WWGP (1050 AM) is a radio station broadcasting a country music format. Licensed to Sanford, North Carolina, United States, its primary market covers Lee County, Chatham County, Moore County, and Harnett County.  The station is currently owned by Sandhills Broadcasting Group and is the AM sister station of WFJA.

History
The station is named for founding partners, Walter W. Gregory of Rocky Mount, NC, and Waldo W. Primm, also of Rocky Mount prior to moving back to Sanford, NC, to launch Sanford's first radio station, over strong opposition of the local newspaper, which failed to stop the addition of a new media outlet in Sanford. The call letters, WWGP, stand for: Winford W.(Williams) Gregory and Waldo W. Primm, the founders. W.W. Gregory died not long after WWGP began broadcasting, a serious personal loss to the Gregory and Primm families. WWGP was thought by some to represent Primm family names, Gerald Primm and Winford Primm, sons of W. W. Primm and Treva C. Primm.

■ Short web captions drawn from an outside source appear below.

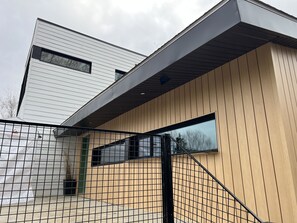 A modern building with a sloped roof, a large window, and a metal fence.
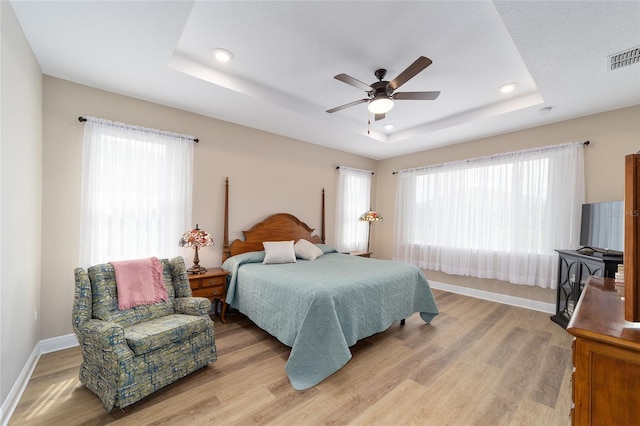 9607 SW 79th Lane Rd, Ocala, FL 34481 - bedroom with a tray ceiling, light wood-type flooring, recessed lighting, multiple windows, and baseboards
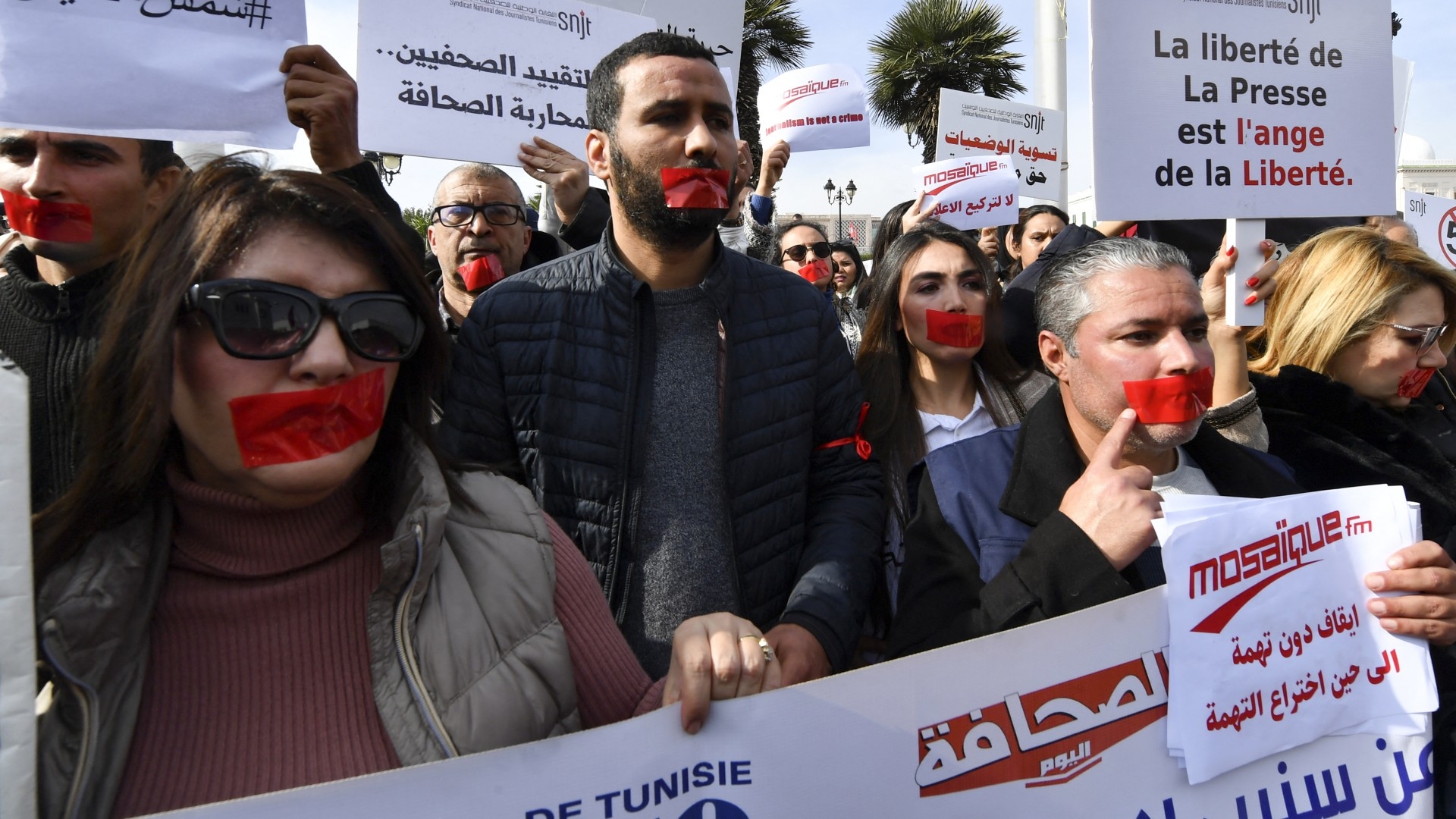 Tunisian journalists cover their mouths with red tape as they protest in front of the Prime Minister's office in the capital Tunis on 16 February 2023 (AFP)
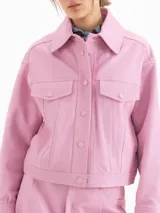 Chaqueta de cuero ovino color negro, con textura graneada, silueta de hombros caídos y largo a la cadera. Presenta recortes en el delantero y la espalda, dos bolsillos superiores con tapa y dos bolsillos laterales, cierre frontal con botones metálicos y cuello camisero.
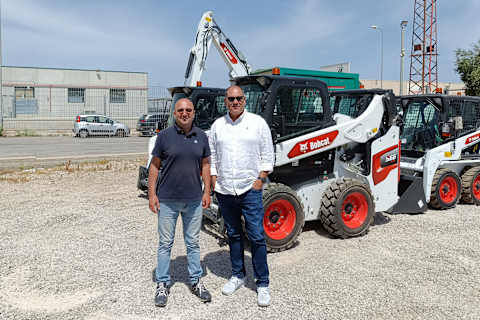 Twee lachende mannen met zonnebril staan op een zonnige dag voor een Bobcat S660-schranklader.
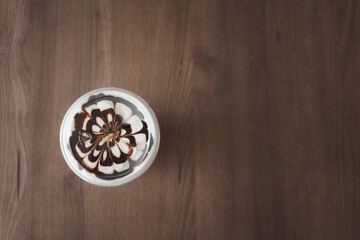 Fototapeta na wymiar Latte art on milk foam with mocha ice coffee. Top view with copy space.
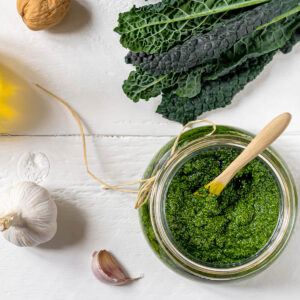 Grünkohl-Pesto mit Walnüssen in einem Glas, von oben fotografiert, umgeben von Grünkohlblättern, Knoblauch, Walnüssen, Parmesan und Olivenöl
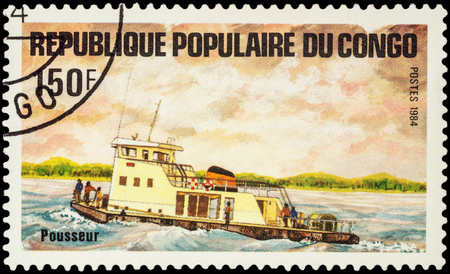MOSCOW, RUSSIA - AUGUST 05, 2016: A stamp printed in Congo shows image of pusher ship, series "Transport - Ships", circa 1984のeditorial素材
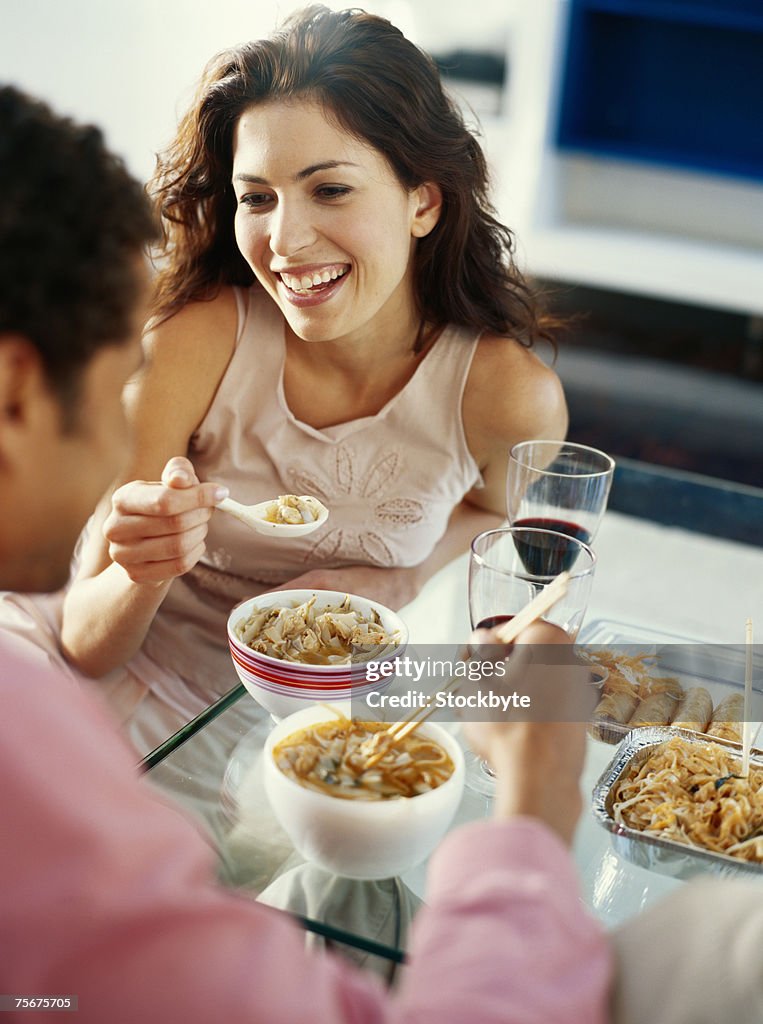 Young couple dining at restaurant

WWGP signed on the air in 1946.  It was co-owned by close friends Waldo W. Primm, manager/engineer, and Walter W. Gregory, Rocky Mount, NC, financier, for whom the call letters stand.  W. W. Gregory died within the first year or two of WWGP's broadcasting launch. Mr. Primm continued to work to put the station on sound footing, selling it after nearly a decade. WWGP-AM was sold to Frank James Abbott, who eventually sold the station to its current owner Richard K. Feindel.  The sale occurred on January 13, 1994 and today WWGP is owned by WWGP Broadcasting, Inc.  In its early years, WWGP had some local icons as announcers: Bill Buchanan, who for many years did mornings.  Bill Cameron did the afternoon shift.  WWGP concentrated heavily on local news.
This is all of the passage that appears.